Assessment: When all is said and done, when all the lessons are learned, this wasn't such a terribly difficult cake to make, and it was very delicious.
1. The joconde was an easy cake, and buying to almonds at Trader Joe's really cut the cost. I followed the CIA directions and put a tablespoon of flour into the almonds while grinding them up. I do need a small jelly roll pan, as 12x17 was a bit too big. I make a four layer cake in the end, because of the big sheets.
2. The butter cream is a complete disaster when it goes wrong. Candy thermometers are a pain, but my thermometer gun was fantastic. It's essential to remember that room temperature (about 71 degrees) is quite a bit colder than body temperature (98 degrees). To feel something and think it is room temperature because it doesn't feel warm will not work. Stirring the egg and sugar mixture over ice was very helpful.
3. It's good to remember that ganache is easy and really tasty. It's actually the center for truffles. I bet it takes on flavors really well.
4. I made the syrup up ahead of time, and added the cognac just before using it. This seems a good idea.

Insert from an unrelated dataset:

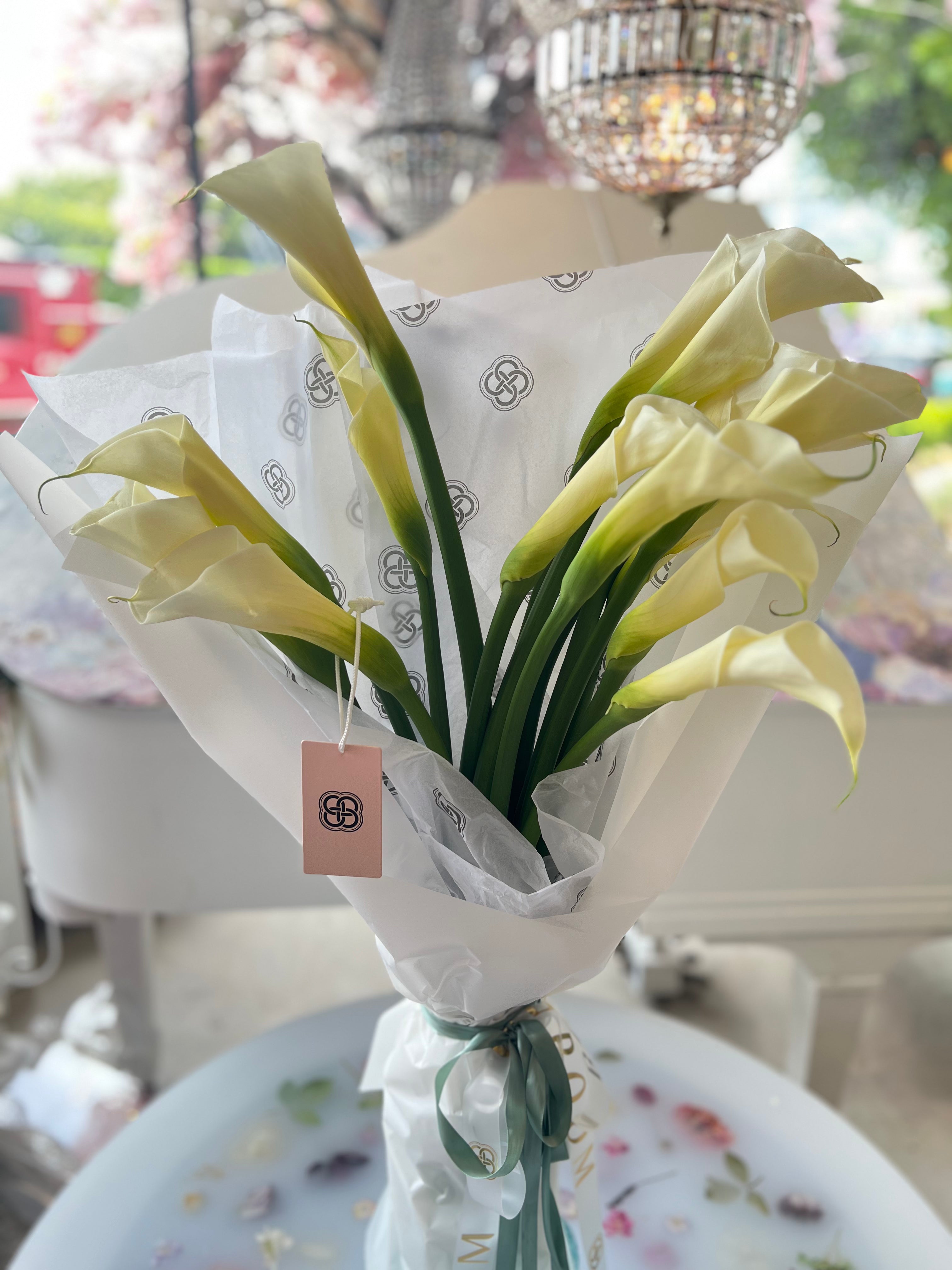 White calla lily bouquet wrapped in tissue paper with green ribbon from Los Angeles florist Bloom Boom Flowers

5. The glaze was so amazing. Of course I was pouring it over a very chilled cake. I did learn not to touch the glaze, but to just carefully pour it on. When I was clarifying the butter I found that just gently skooting the foam to one side of the pan (kind of like herding sheep) make it easy to scoop out. A Daring Baker who is actually a pastry chef, sugar chef, and can make a dead flat cake, recommended that I pour on the glaze when it's 90 degrees, and then just give the cake a gentle shake to even things out.
6. I cut the cake with my very big German bread knife. It wasn't perfect, but I don't imagine having the perfect knife for the job anytime soon. On one side of the cake I used a daughter's fancy Japanese knife and it didn't work as well.
7. I'm so going to put this cake in my repertoire. When trimmed up it serves an easy 16 people, if you don't count what was cut off. I could think of changing the butter cream flavor - though I really liked the coffee. And the ganache could take on many flavors.
“Success is going from failure to failure without losing enthusiasm.”
“Success is not final, failure is not fatal:
it is the courage to continue that counts.”